I read that Sean just happened upon that doughnut shop? What a gift!
That was a happy accident. There were a lot of those that happened. In the script it was originally a taco truck or a food truck outside the refineries and he was driving around and found that place and was like, “Holy sh*t, we gotta use this instead.” He just happened to find it while he was location scouting.
Let’s talk about the era. Trump is heard on the TV so we know it’s right before the 2016 election but there is also a Y2K element with NSYNC's “Bye Bye Bye.” How does the era contribute to the story? Does it?

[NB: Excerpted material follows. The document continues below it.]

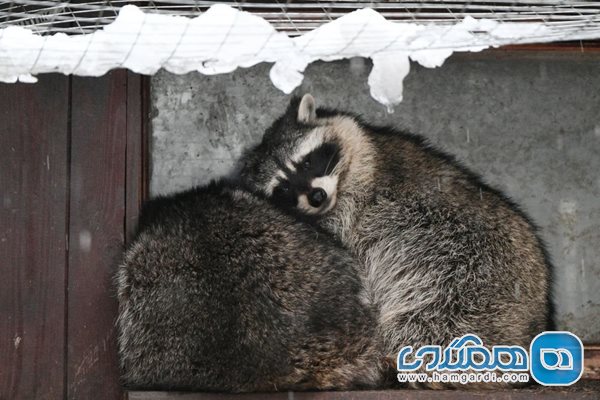 حیوانات در هوای برفی باغ وحش + عکسها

The song came out after the script was written and we were already shooting, so I think that just happened as we were shooting because Sean was like, ‘We need a song. What would the song be?’ and we were like, “Hit The Road, Jack” – it needed to be something that was part of the story because my character’s constantly getting kicked out of town and burning bridges and “Bye Bye Bye” just worked, so that just came about as we were shooting. Sean hoped we could get the song and clear it. It wasn't cheap. The powers that be saw a cut of the movie and were like, “Okay this movie’s incredible; we’ll pay for this song,” because it costs a lot of money.
As far as the presidential election, I’m speaking for Sean – he should answer this, not me but this is what he’d said in interviews, which is that it was a time where we were living in a reality show with the political landscape. Donald Trump winning, whether you’re on the left or the right, whatever your views are, it was crazy that someone like Trump was going to run against a woman for the first time and win and nobody believed he was going to win. It was like we were living in some weird reality show. That’s why in the movie, one scene would be a political debate and the next, it would be a reality show. He did that on purpose because we were living in this weird reality.

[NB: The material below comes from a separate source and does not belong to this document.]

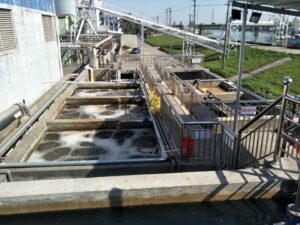 Sewage Sludge Pyrolysis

In one scene, you run naked through a neighborhood that apparently the movie didn’t have permits for. What is it like to work with Sean Baker’s DIY energy?
I wish that I could always do films like this. Of course, there’s gonna be big studio films and that’s its own thing, but to me, this is when the magic happens – when you work like this under stressful situations with not a lot of money. Everyone’s in it to win it, there’s no egos, there’s no big movie stars, and no producer over the monitor saying, “No Sean, you gotta do it like this.” He has a vision and he knows what he wants: writing it, directing it, editing it, casting it. He’s choosing the font on the screen. Just give him the money and trust that he’ll make a masterpiece.
When there’s not too many cooks in the kitchen this is what happens. That’s the problem: You get all these people with their egos and this and that and it’s not well-executed and it comes out being all f*cked up. All you need often to make a good meal is a few ingredients, like pasta. This is a lame comparison, but you just need some basil, some tomatoes, some pasta, and some meat sauce and if you do it the right amount with the right formula, it’s gonna be a good meal. You don’t need all this sh*t. It’s gonna make the meal suck, and that’s what happens a lot is there's’ too many opinions and everyone wants to have their vision in it. I think everyone suffers because of it, so I think it’s rare that this happens in a movie.
This interview has been edited and condensed for clarity.